Well because I'm part of the immunity debugger developer team, so this most of all what they
do.
First of all, we will start speaking about some introduction and background of embedded
existing languages and we use two different PDF deflates tool as a case study, the acrobat
reader and the foxy reader and then we use immunity debugger to decode some JavaScript
objects, some properties, methods and some arguments.
And using this information we'll do a spike script which is a faster language and we will
finish showing how to find and exploit already patched bugs which is a collect email info
bug.
Well first of all, vulnerability assessment is becoming really a really specific task
because the generic foosers, the blind foosers and the source analysis tools are already
used by the vendors itself in his testbeds so we can't use the same tools here for attacking.
So we have to create application specific tools to get into the structures behind the
things that a blind fooser can really find.
So we create a immunity debugger to achieve this task.

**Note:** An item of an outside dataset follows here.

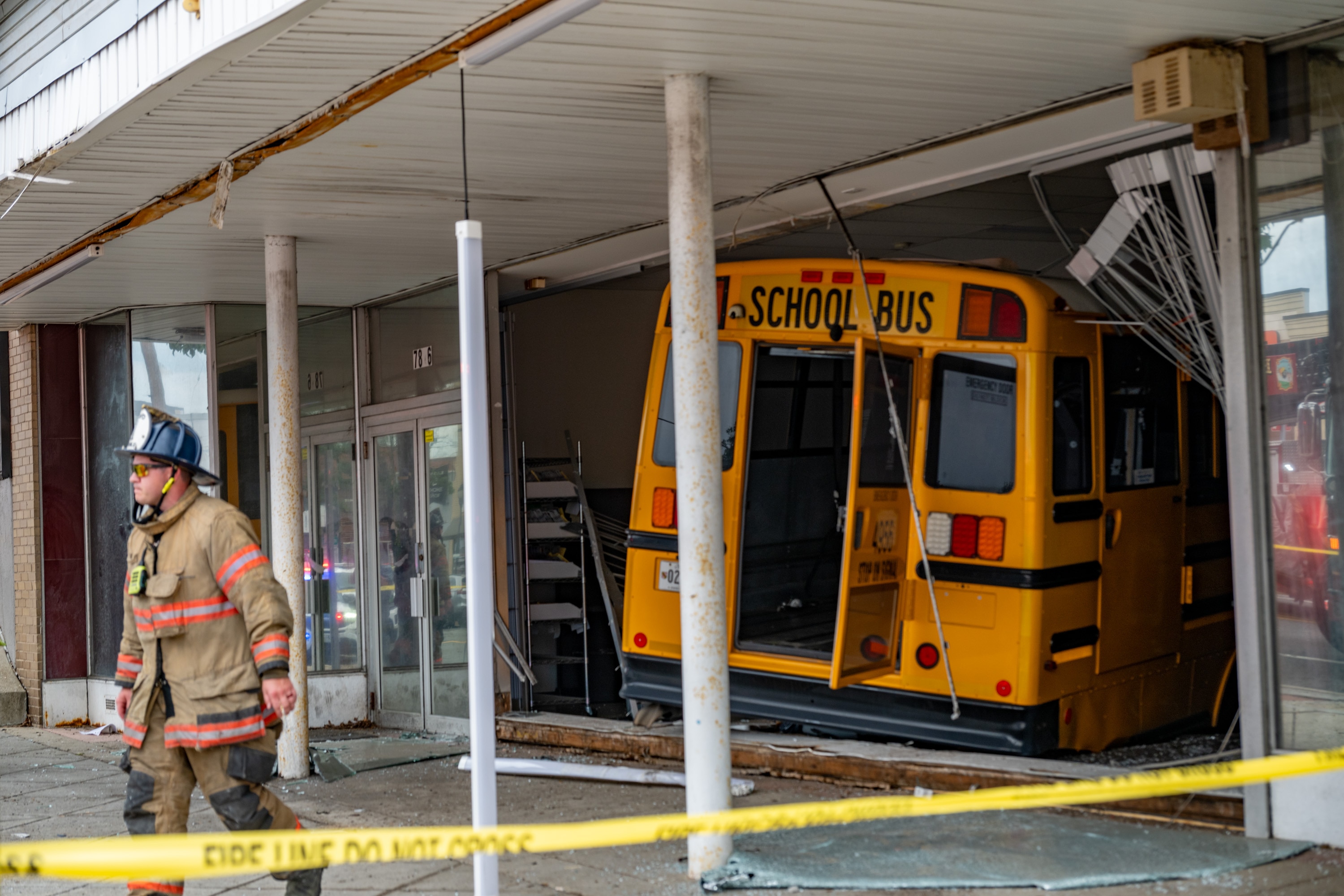 JULY 21, 2026 - A bus crashed into a building in Parkville on Tuesday afternoon, officials said.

We add a Python script and language inside and a complete library to help the static
and dynamic analysis.
So we have to create this reverse engineering script using this immunity debugger library
which uses itself the core immunity debugger.
So this kind of application we will see now are almost like browsers.

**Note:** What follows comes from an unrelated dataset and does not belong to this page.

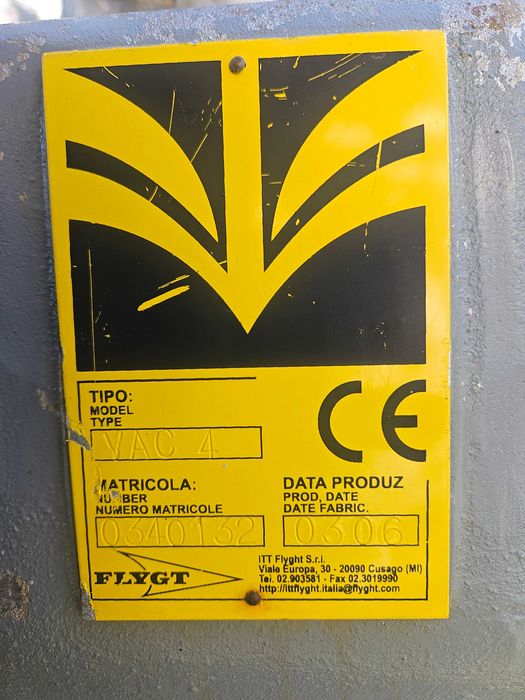 Agregat pompowy do igłofiltrów FLYGT igłofiltry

They have user interaction, they have plugins, multimedia access, all that the same thing
that you can get and of course scripting, all the same thing you can get in a browser.
So recovering interesting and important information about the works and how it works and how the
JavaScript information is stored inside the application is really complex.

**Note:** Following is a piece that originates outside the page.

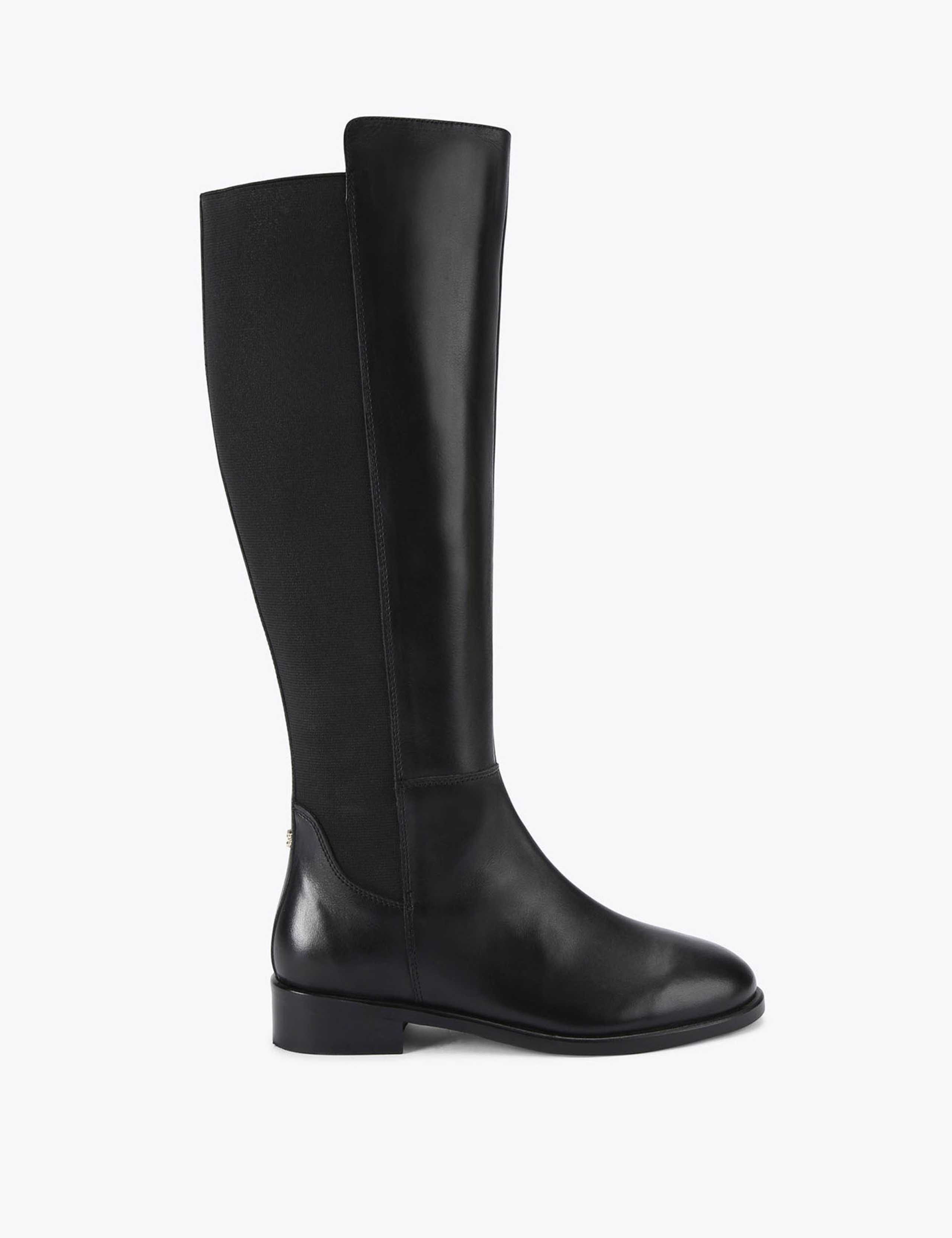 Leather Flat Knee High Boots 1 of 5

That flow is really complex inside.
So we made this analysis tool that allow us to get inside of the JavaScript core and inside
the plugins and inside the binary objects.
So we can get information from each of its parts and mix them to do a real nice fuzzer.
Bugs, kind of bugs that you will find in this application are sandbox scaping inside a JavaScript
script, inside a PDF document you are inside of a sandbox.
You can't access the complete API.
You just access a restricted section.
While other kind of bugs you will find object utilization.
You have the freeze and all the kinds of JavaScript object utilization bugs.
And there's also buffer overflows inside of the native methods and also some shell scape
bugs.
This is a fertile ground to research because as we said before you need very specialized
tools to get across the scripting level.
You have to mix the binary level and the JavaScript level to get all the picture.
And sometimes the team making the JavaScript or Visual Basic whatever scripting engine
is different from the team doing the rest of the application.
So sometimes there's some kind of lack of communication between both teams and well
there's some bugs there.
Also the data flow is really complex to follow because all these are big huge objects with
tons of function tables and that stuff and it's really painful.
So first of all this case of toy.
Adops, Adops implemented a CMI script engine which is a kind of standardized JavaScript
engine and inside Adops all the JavaScripts are executed as a response to a particular
event.
So when you open a document, when you open a page, when you click a button there's just
your chance to put some JavaScript.
Here we have some example.
And each event is a table.
You have an event type which is application, bash console, document, page, menu and you
have name in it, etc.
So each event type define a security context.
You have the document security context, the application context and so you have two level
of privileges.
We have privileged context which are the application level context so on the bash and console
events and you have the non-privileged context which is almost everything else.
Everything you can touch from a document is non-privileged.
So you don't have access to the complete API.
And you can raise of course your security context using creating a trusted function
but to create a trusted function you need to be in a privileged context.
It's not an option in the way of an attack.
So the first kind of treat that you can find is breaking non-privileged sandbox.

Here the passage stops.